New-b question

Hello all,

I am a ruby novice who would really appreciate some guidance with the
following:

I am trying to calculate a 5 day weighted moving average based on a set
of numbers in a data series. The most recent is given a * 5 weight, the
next * 4 etc etc. with the oldest (the 5th number) * 1.

n=5
dataset=[
25.0000,24.8750,24.7813,24.5938,24.5000,24.6250,25.2188,27.2500,26.2500,26.5938]

n.times do |period|
a = period+1
b = dataset[period]
c = a*b
puts c

end

output:

25.0
49.75
74.3439
98.3752
122.5

but what I now want it to do is add up the output and / 15, to give me
one number, approx 26.6646

Then using a loop, do the same again starting with the next number,
24.8750, and so on until it has gobe through the data series?

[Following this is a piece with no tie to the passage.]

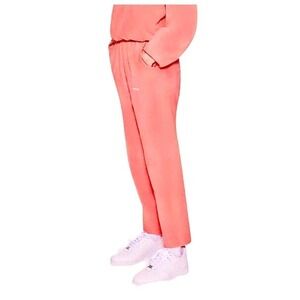 Madhappy Straight Leg Fleece Sweat Pant Cropped‎ Coral Pink Small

Many thanks for your time,

David

David N. wrote:

I am trying to calculate a 5 day weighted moving average based on a set
of numbers in a data series. The most recent is given a * 5 weight, the
next * 4 etc etc. with the oldest (the 5th number) * 1.

Does this help? You will need to handle the edge cases somehow…

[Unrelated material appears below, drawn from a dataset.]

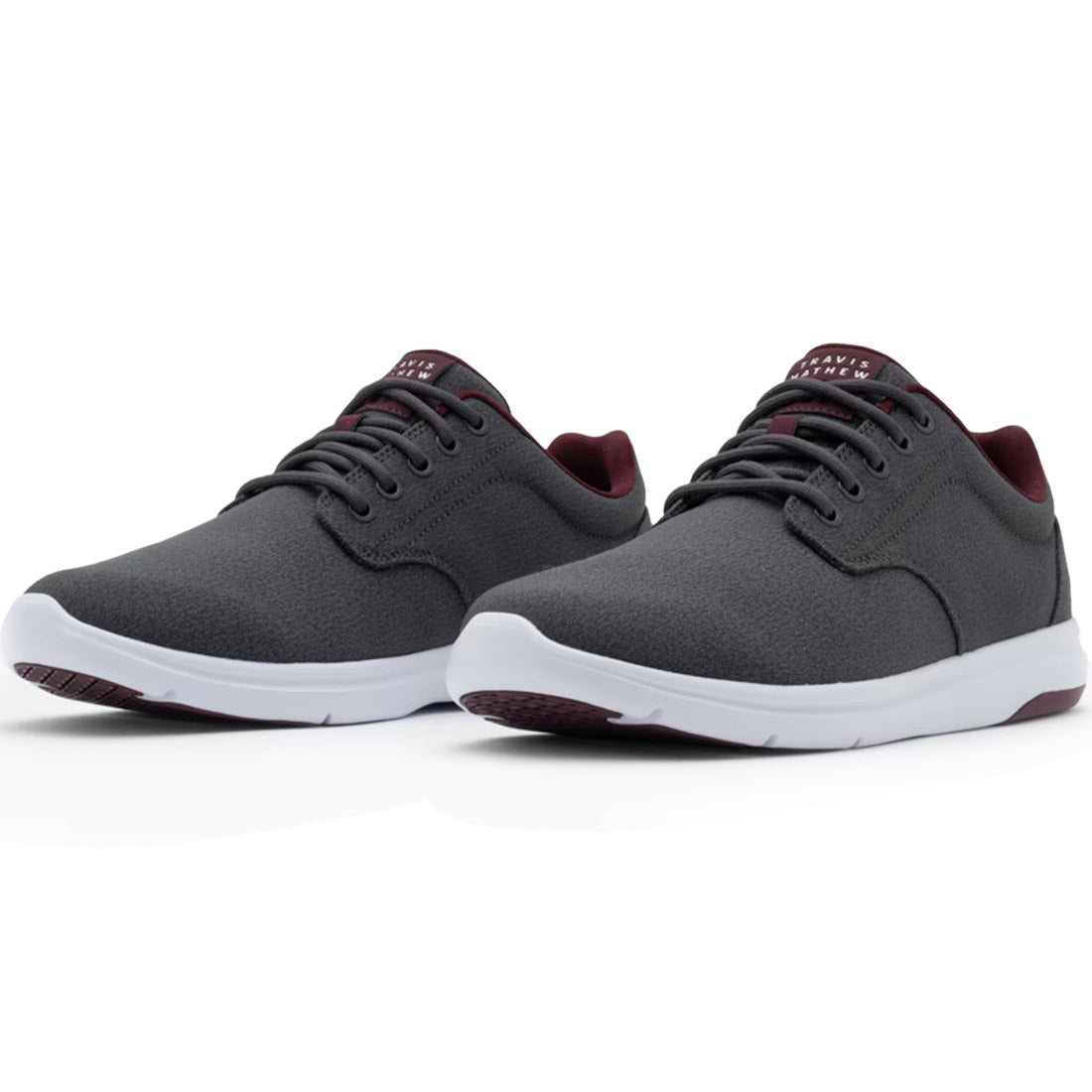 TravisMathew The Daily 2 Woven Golf Shoes Heather Grey Pinstripe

$ ri Enumerable#each_cons | cat
--------------------------------------------------- Enumerable#each_cons
each_cons(n) {…}

  From Ruby 1.8

  Iterates the given block for each array of consecutive <n>
  elements.

  e.g.:

      (1..10).each_cons(3) {|a| p a}
      # outputs below
      [1, 2, 3]
      [2, 3, 4]
      [3, 4, 5]
      [4, 5, 6]
      [5, 6, 7]
      [6, 7, 8]
      [7, 8, 9]
      [8, 9, 10]

On Wed, Jun 17, 2009 at 3:33 PM, David N.
[email protected]wrote:

Hello all,

I am a ruby novice who would really appreciate some guidance with the
following:

I am trying to calculate a 5 day weighted moving average based on a set
of numbers in a data series. The most recent is given a * 5 weight, the
next * 4 etc etc. with the oldest (the 5th number) * 1.

This should do the trick for you

John

thanks very much for the replies,

How would I do that using and amending the original code?

cheers

John W Higgins wrote:

On Wed, Jun 17, 2009 at 3:33 PM, David N.
[email protected]wrote:

Hello all,

I am a ruby novice who would really appreciate some guidance with the
following:

I am trying to calculate a 5 day weighted moving average based on a set
of numbers in a data series. The most recent is given a * 5 weight, the
next * 4 etc etc. with the oldest (the 5th number) * 1.

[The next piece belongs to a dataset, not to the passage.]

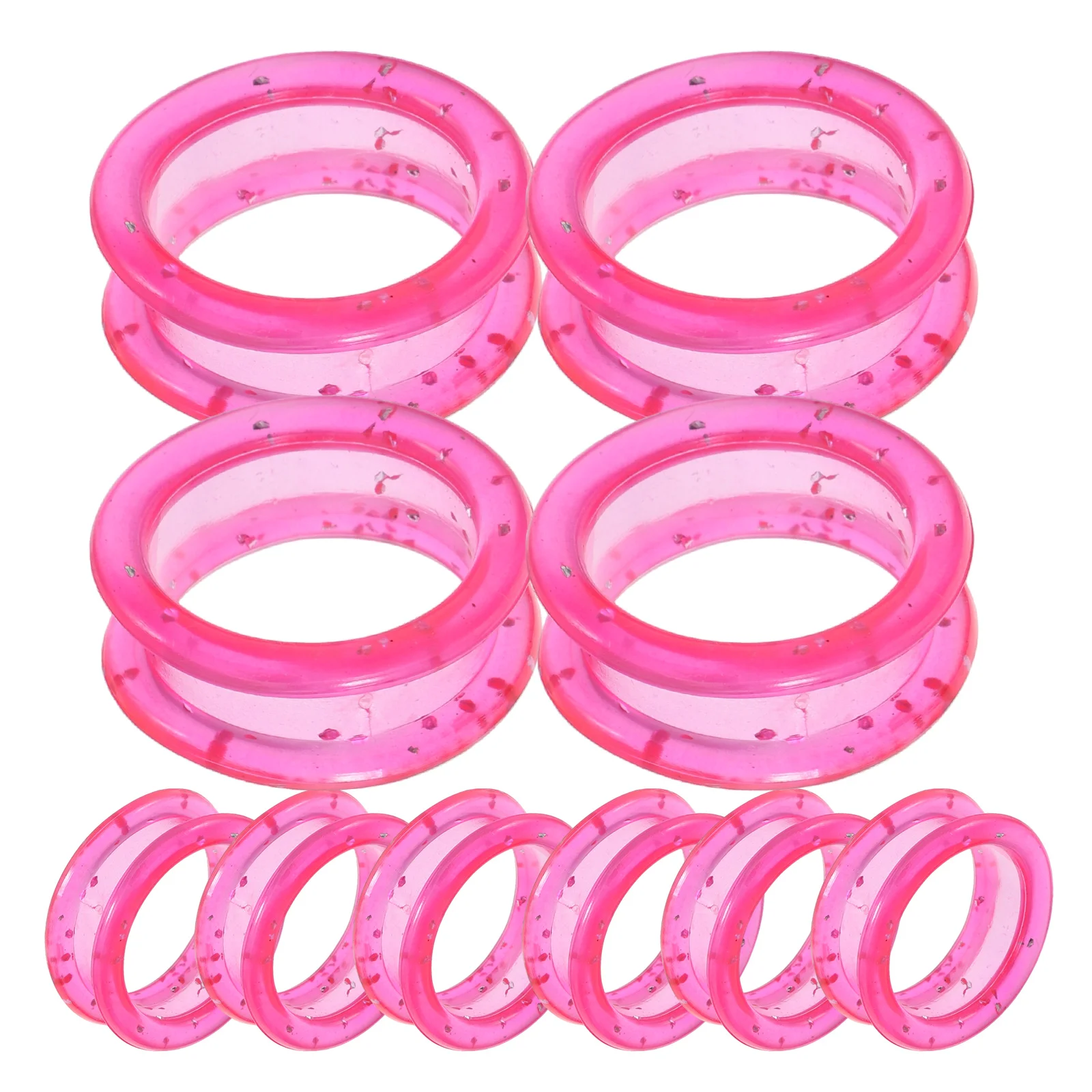 12 قطعة خواتم الاصبع سيليكون لينة للمقص مثالية الكلب الاستمالة اكسسوارات آمنة عقد عدم الانزلاق قبضة ل الكفوف آذان التشذيب #5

This should do the trick for you

Weighted Average · GitHub

John

2009/6/18 John W Higgins [email protected]:

next * 4 etc etc. with the oldest (the 5th number) * 1.

This should do the trick for you

Weighted Average · GitHub

Here’s my suggestion

weights = (1…5).to_a
div = weights.inject(0){|s,x| s + x}.to_f

data = [
25.0000,
24.8750,
24.7813,
24.5938,
24.5000,
24.6250,
25.2188,
27.2500,
26.2500,
26.5938,
]

data.each_cons(weights.size).each_with_index do |c,i|
num = 0
c.zip(weights) {|a,b| num += a * b}
printf “period %2d: %8.3f\n”, i, num / div
end

You only need to change ‘weights’ and the calculation will still.

Kind regards

robert

On Thu, Jun 18, 2009 at 1:23 AM, David N.
[email protected]wrote:

thanks very much for the replies,

How would I do that using and amending the original code?

cheers

Are you still wishing to see all the intermediate steps (i.e. the value
of
255, 24.8574 etc etc etc)?

John

On Thu, Jun 18, 2009 at 4:24 PM, David N.
[email protected]wrote:


Hi John,

thanks for your patience.

In terms of the main objective, then no, they do not have to be there -
but I think it would help my understanding of what is happening if they
were there…

Ok then lets remove some of the ruby tricks and just make the code work
because as most programmers do I’ve pushed you into the deep end and you
are
looking to keep your feet solidly on the bottom of the pool while still
being able to breathe :slight_smile:

Lets try this gist:132285 · GitHub - a little more output at
each
step. It’s different then the first shot I took at it but it’s also much
easier to digest each piece and see what it’s doing.

John

John W Higgins wrote:

On Thu, Jun 18, 2009 at 1:23 AM, David N.
[email protected]wrote:

thanks very much for the replies,

How would I do that using and amending the original code?

cheers

Are you still wishing to see all the intermediate steps (i.e. the value
of
255, 24.8574 etc etc etc)?

John

Hi John,

thanks for your patience.

In terms of the main objective, then no, they do not have to be there -
but I think it would help my understanding of what is happening if they
were there…

2009/6/23 David N. [email protected]:

Thanks very much for that. It is very helpful. I think your summary is
pretty accurate of where I am right now - but I will get there!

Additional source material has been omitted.